Banning Christianity: Thousands of Churches Forced to Close After Issuance of Government Directive


The Government forcibly closed thousands of Churches in Rwanda after the Rwanda Governance Board issued a decree claiming that the churches do not meet the newly established requirements.

Following the decree, Rwanda’s pro-government KT press reported that more than eight thousands churches were forced to close. Furthermore, the new obligations set in place by the secular government are complicating the congregation’s efforts to comply.

“On checking which churches were included, we learned that all churches are suffering the same fate, and that even churches considered luxurious for local standards have had to close,” a local analyst, who wished to remain anonymous, stated while speaking to the World Watch Monitor.

When the decree was issued, church services were ongoing while government enforcement agencies directed them to leave the building as they forcibly closed thousands of churches.

One congregation was stopped from housing services and other meetings, such as Bible study and home groups, which they were using because their church was closed. The reasoning behind the inability to utilize their own church was because the building had timber instead of a metal door and window frames, plus they were told that the church’s roof needed to be elevated “just a little.”

“It seems that the local authorities in the different districts initially had some freedom about the degree to which they could enforce the new requirements,” the local analyst said. “However, it now seems that those who were more lenient have been rebuked and have become stricter. In one district authorities banned all meetings of a closed church, and congregants are not even allowed to meet in home groups.”

One congregation is being forced to walk over twelve miles to a neighboring community to attend church services.

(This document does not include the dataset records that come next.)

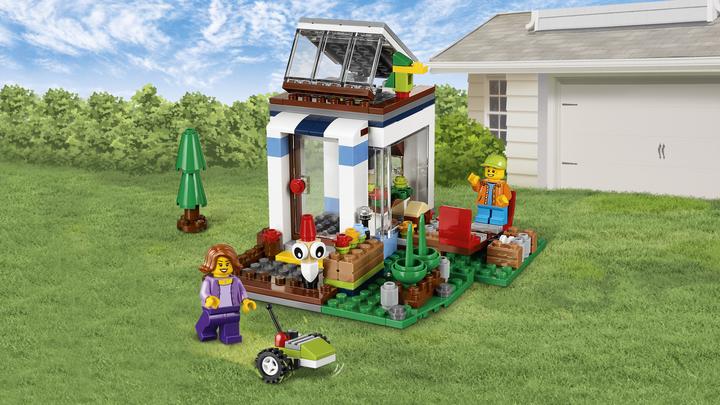 Actual product image LEGO Modern home (31068, LEGO Creator Expert)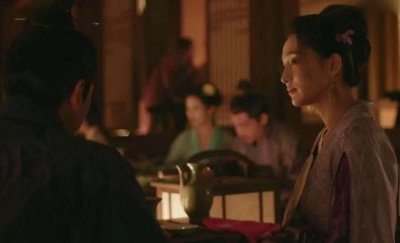 ​《知否》顾廷烨的红颜知己魏行首，为何在兵荒马乱时为自己赎身？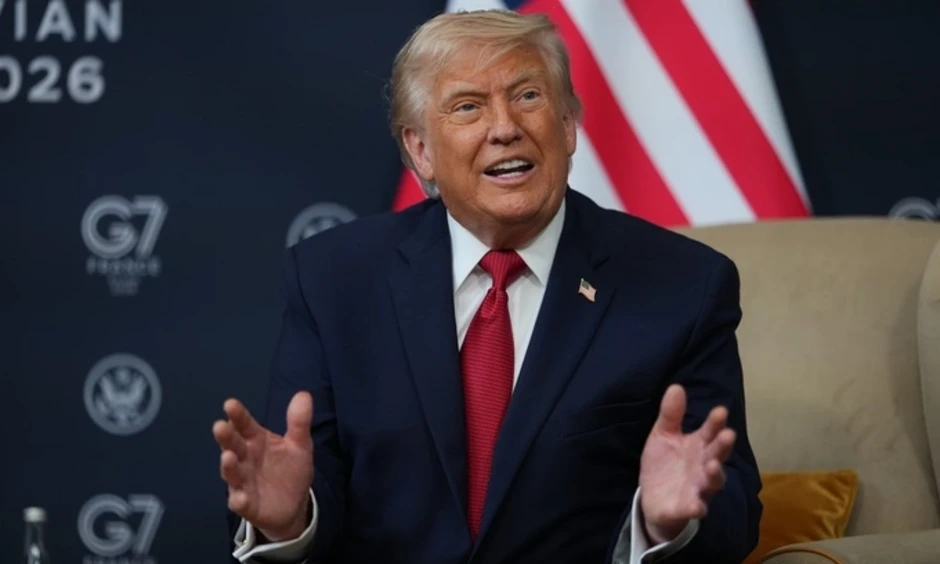 Ông Trump dọa tiếp tục ném bom nếu Iran không 'biết điều' Ông Trump dọa tiếp tục ném bom nếu Iran không 'biết điều'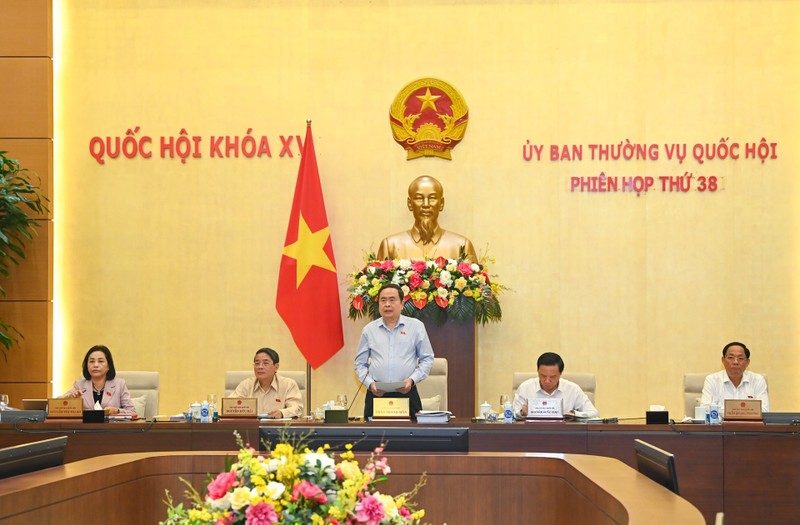 El presidente de la Asamblea Nacional, Tran Thanh Man, interviene en la sesión. (Foto: Nhan Dan)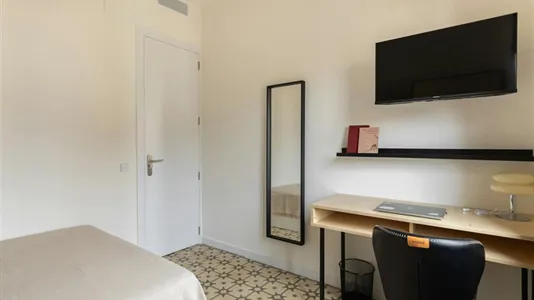 Apartments in Barcelona Eixample - photo 6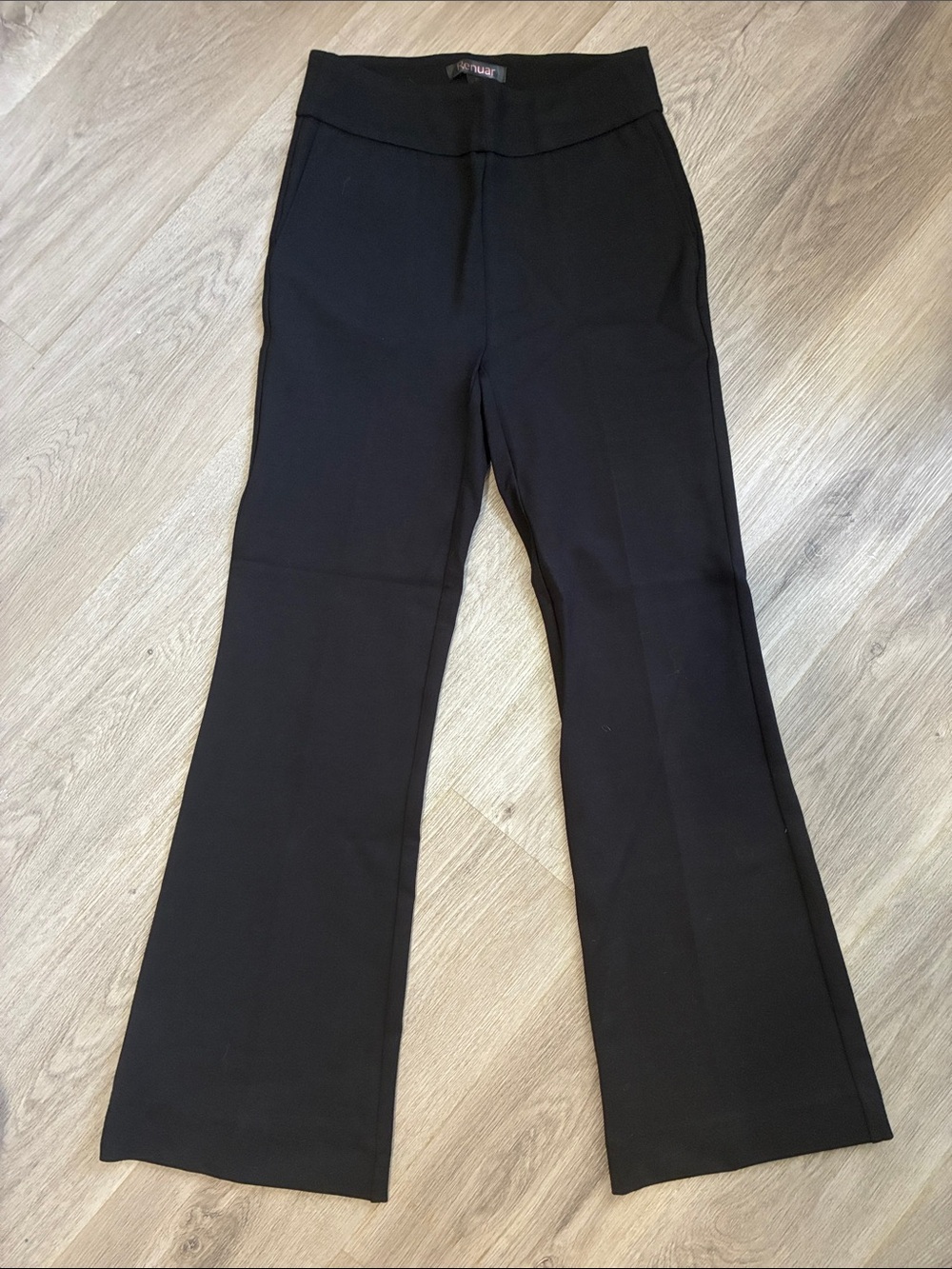 NWOT Renuar Black Wide Leg Ponte Pants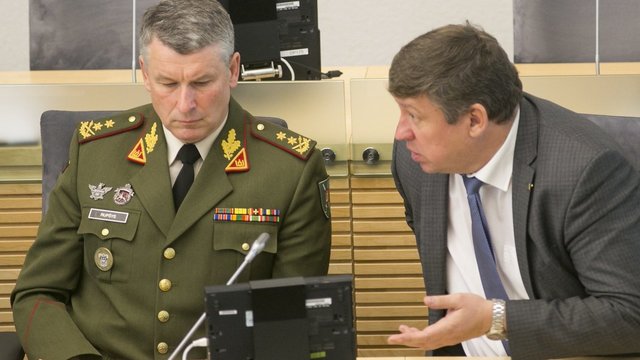 Seimui pristatyta Valdemaro Rupšio kandidatūra į kariuomenės vado postą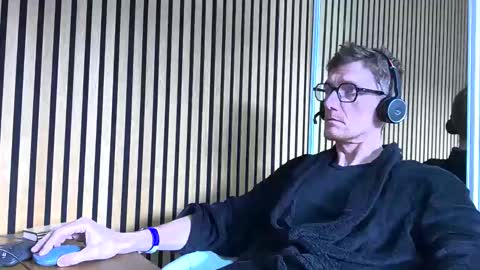 SexFriendFrance online show from 01-11-26, 12:10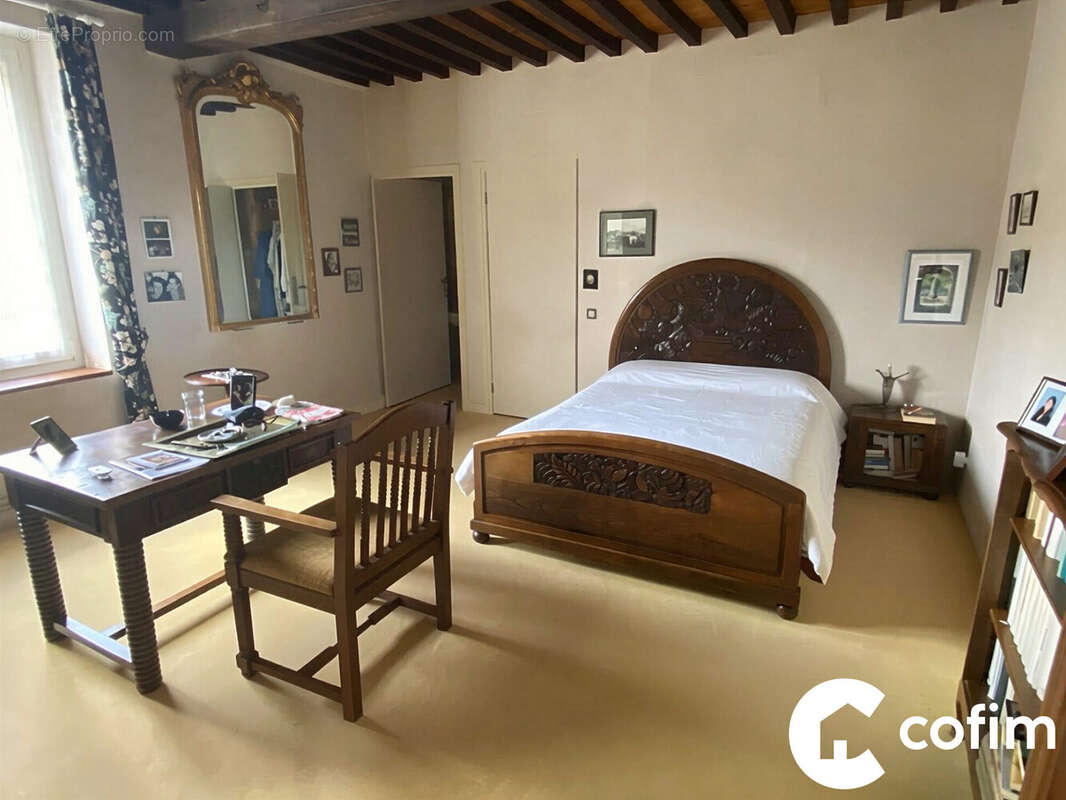 Maison 223 m² à Arros-De-Nay  - photo 6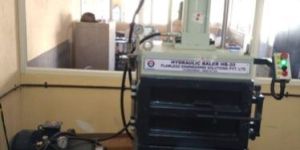 Hydraulic Baler Press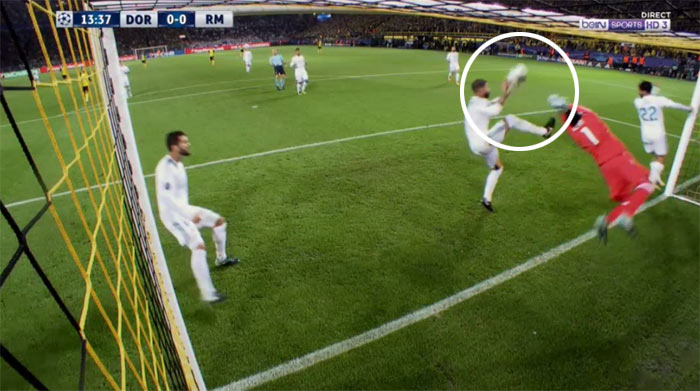 Rozhodca pomohol Realu Madrid za nerozhodného stavu s Dortmundom. Ramos na bránkovej čiare zasiahol jasne loptu rukou! (VIDEO)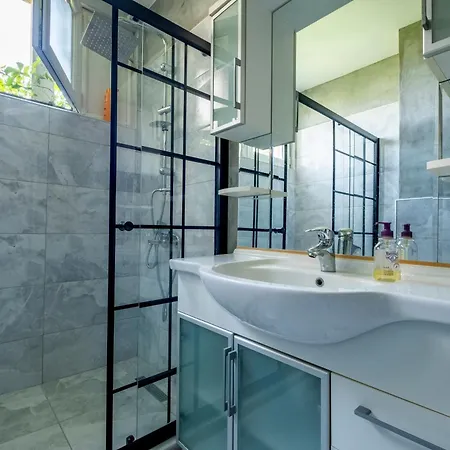 Spacious 4-bedroom Family In A Serviced Building - Location, Elevator & 2 Bathrooms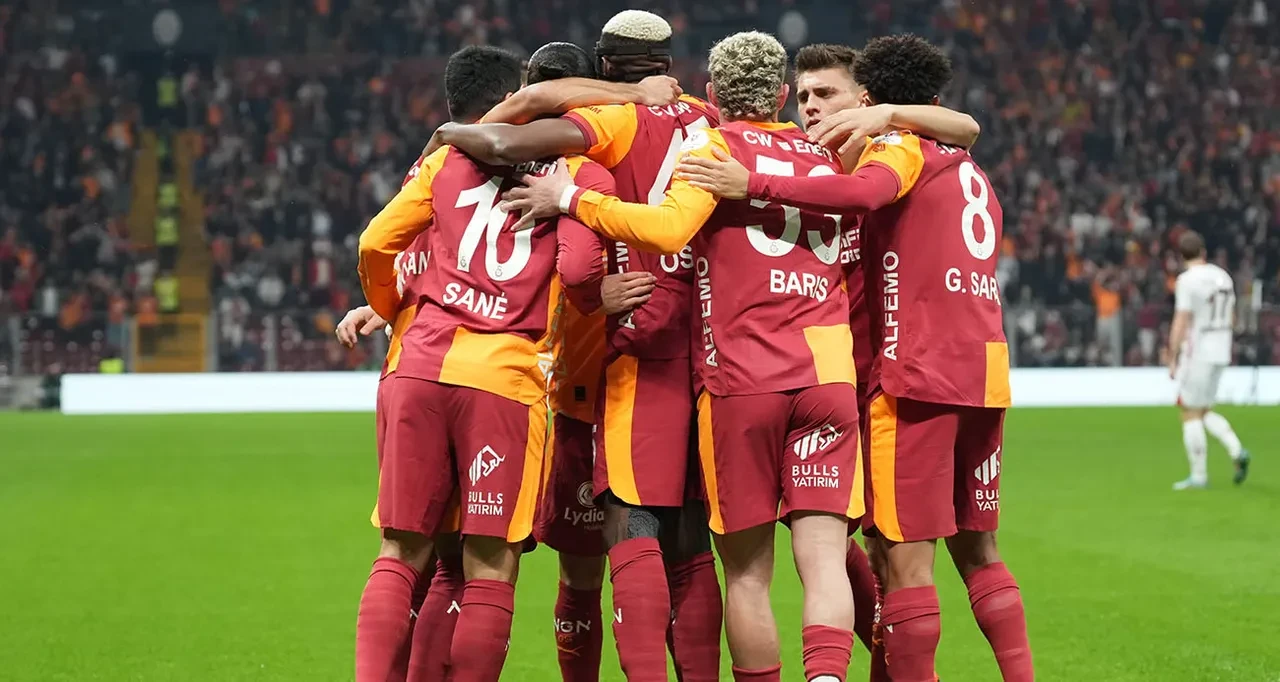 Beşiktaş Galatasaray muhtemel 11! BJK GS derbi maç kadrosu muhtemel 11 belli oldu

The following is a list of the newly established requirements;

  • Toilets being a certain distance from the church entrance. In one instance local authorities entered the church halfway through the service and ordered the people to leave because the church would be closed. This church has fulfilled 80% of the requirements and was not aware of this new requirement.
  • Congregations have been told they also need to install a certain kind of canvas ceiling, even though that material carries a considerable fire hazard.
  • One church was told it needed to change its roof and rebuild one of the brick walls. This will be hard for them to do as they have already been forced to make loans and depend on the goodwill of businessmen to meet the initial requirements.
  • Church access roads as well as church compounds need to be paved. The inside walls and ceilings in the church must be plastered and painted. Exposed brick is not allowed anymore.
  • All churches must have lightning-conductors.
  • All pastors now need to have a theological degree. This was already communicated as a requirement, but now the degree needs to be from an accredited institute.
  • Another new law states that only institutions that also teach science and technology can teach theology, meaning that few of the many (often highly regarded) theological institutions or Bible schools are regarded as valid.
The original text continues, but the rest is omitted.